林月儿从房间里出来的时候,丫鬟春桃差点没认出她。
她换了一身月白色的男装,青布直裰,腰间繫著一条素色丝絛,头上戴了一顶网巾,外面套了一顶纯阳巾。
原本梳著双鬟的长髮被仔细地盘了起来,藏在巾帽下面。
她的眉毛描粗了些,脸上扑了一层淡淡的粉,遮住了女儿家的红润,乍一看活脱脱一个俊俏的少年郎。
“小姐,您这是……”春桃瞪大了眼睛。
“叫什么小姐?”林月儿压低声音,模仿著男子的腔调,“叫公子。”
春桃忍不住笑了出来:“您这扮相还真像那么回事。”
“像吗?”林月儿转了转身,低头看了看自己,“我觉得还差一点,走路要大步些,说话要粗声些,不能让人看出来。”
春桃看著自家小姐这副兴致勃勃的模样,心里不由得感慨。
一个多月前,小姐得知父亲要把她许配给陈家的时候,整整闷闷不乐了好几天,茶不思饭不想,连最喜欢的花都不去看了。

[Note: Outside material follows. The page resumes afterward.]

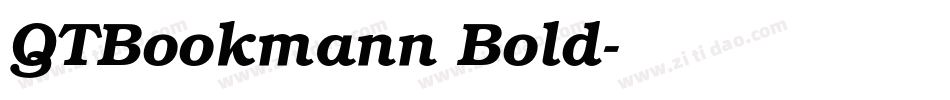 QTBookmann Bold字体转换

林月儿不喜欢他,可父亲说陈家在三十六行里有地位,两家联姻对林家有好处。她没办法,只能认了。
可自从那天从码头回来之后,小姐就像变了个人。
脸上的愁容不见了,取而代之的是一种说不清的光彩。
春桃觉得奇怪却也不敢多问,她知道小姐的脾气,不该问的別问,不该说的別说。
“春桃,你说阿爸今天会带我去吗?”林月儿忽然问。
春桃想了想:“老爷说了不让您去,您偏要去,一会儿您好好求求老爷,说不定老爷心一软就答应了。”
“我求过了,他不答应。”林月儿撇了撇嘴。
“但我今天非要跟著去不可,信王设宴请三十六行,这是大事,我在旁边听著,能帮阿爸出出主意。”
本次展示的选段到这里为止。